◆ Work instruction
Only the lines below between the one holding "Obraz premium Serene" and the one holding "身穿粉红衬衫靠在建筑物墙上的女人漂亮微笑淑女图片", inclusive, are to be reproduced word for word; the pictures are to be left out.

◆ Task material
▼▼▼
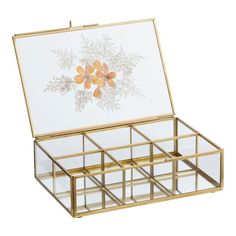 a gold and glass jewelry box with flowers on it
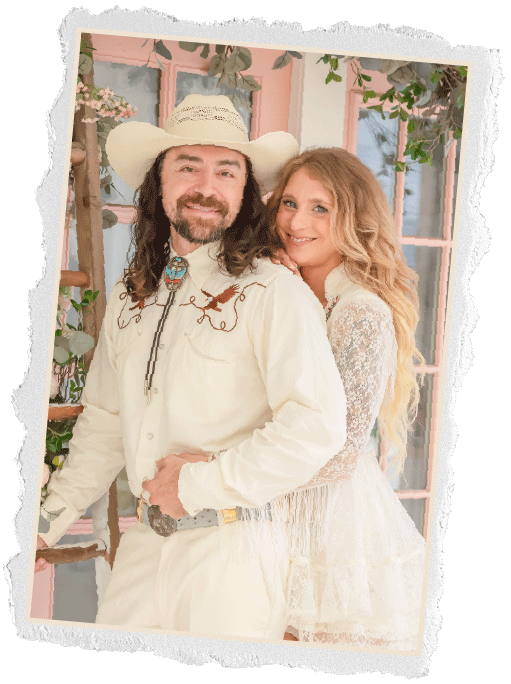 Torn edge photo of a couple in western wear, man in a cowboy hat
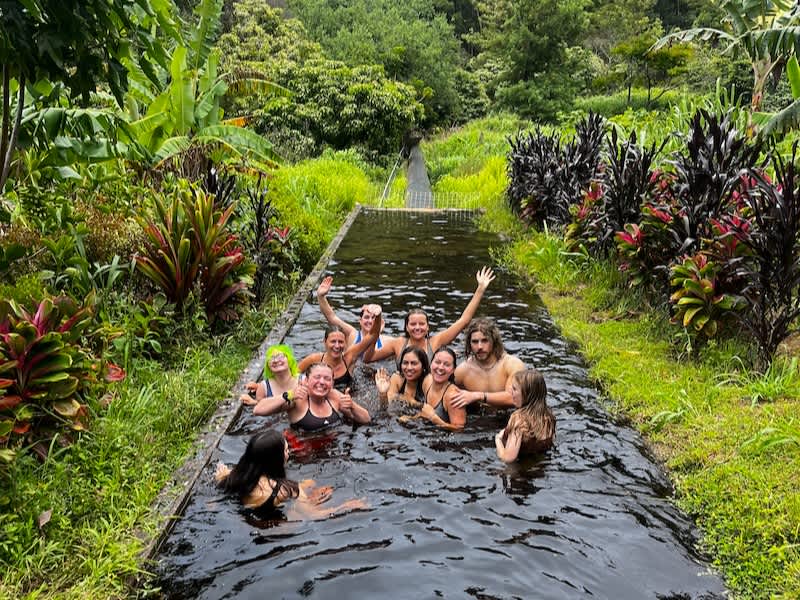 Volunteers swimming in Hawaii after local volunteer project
▲▲▲
▼▼▼
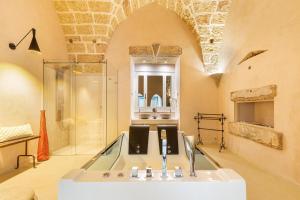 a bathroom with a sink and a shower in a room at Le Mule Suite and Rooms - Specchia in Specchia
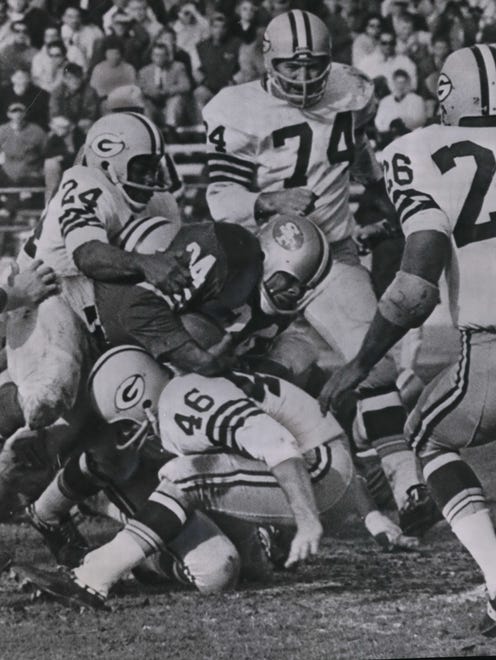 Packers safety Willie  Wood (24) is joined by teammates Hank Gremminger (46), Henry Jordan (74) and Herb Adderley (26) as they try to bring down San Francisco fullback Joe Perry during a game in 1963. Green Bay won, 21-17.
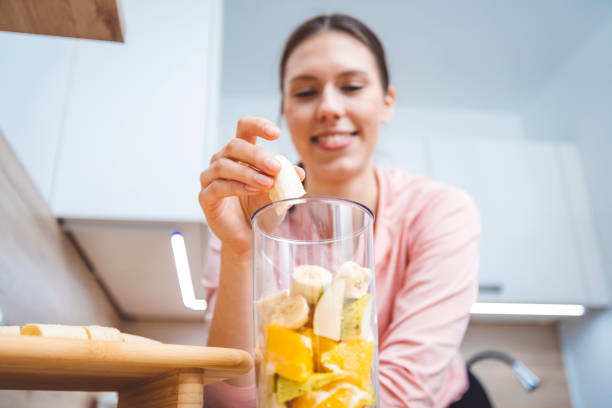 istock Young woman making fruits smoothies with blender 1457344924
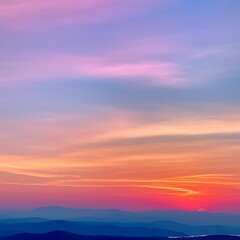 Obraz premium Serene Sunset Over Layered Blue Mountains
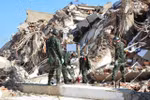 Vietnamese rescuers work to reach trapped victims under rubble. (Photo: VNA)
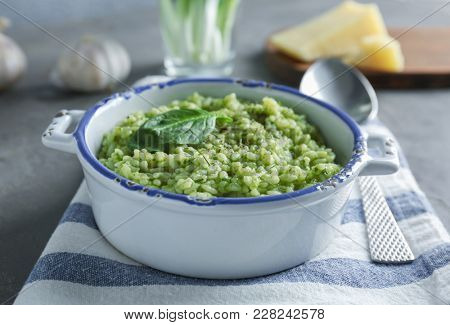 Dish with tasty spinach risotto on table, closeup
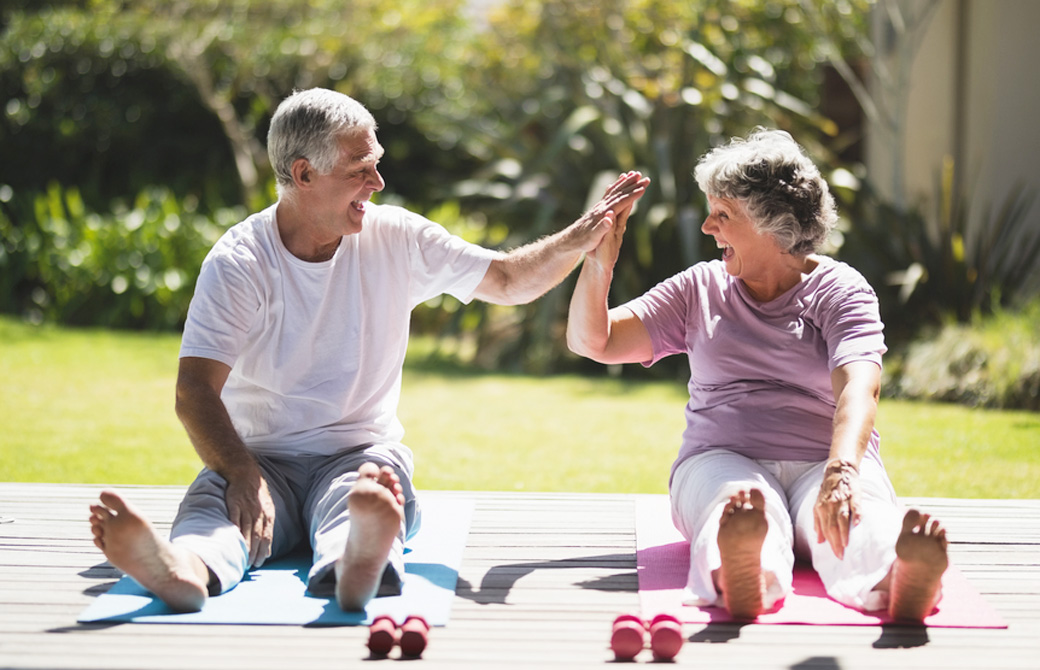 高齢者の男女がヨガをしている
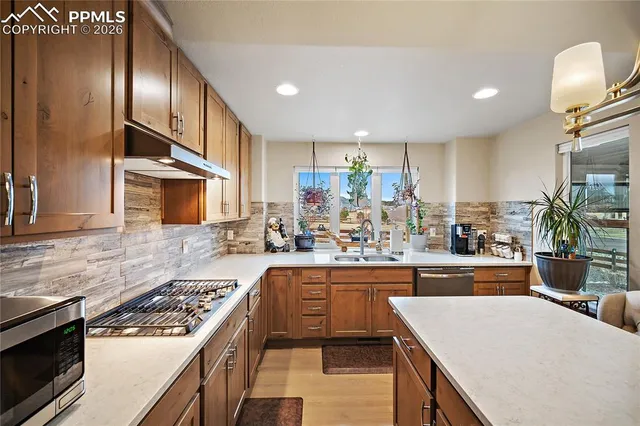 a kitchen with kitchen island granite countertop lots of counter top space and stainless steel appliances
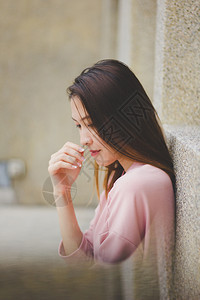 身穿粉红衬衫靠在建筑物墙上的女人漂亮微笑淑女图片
▲▲▲
◆ Written response
 Obraz premium Serene Sunset Over Layered Blue Mountains
 Vietnamese rescuers work to reach trapped victims under rubble. (Photo: VNA)
 Dish with tasty spinach risotto on table, closeup
 高齢者の男女がヨガをしている
 a kitchen with kitchen island granite countertop lots of counter top space and stainless steel appliances
 身穿粉红衬衫靠在建筑物墙上的女人漂亮微笑淑女图片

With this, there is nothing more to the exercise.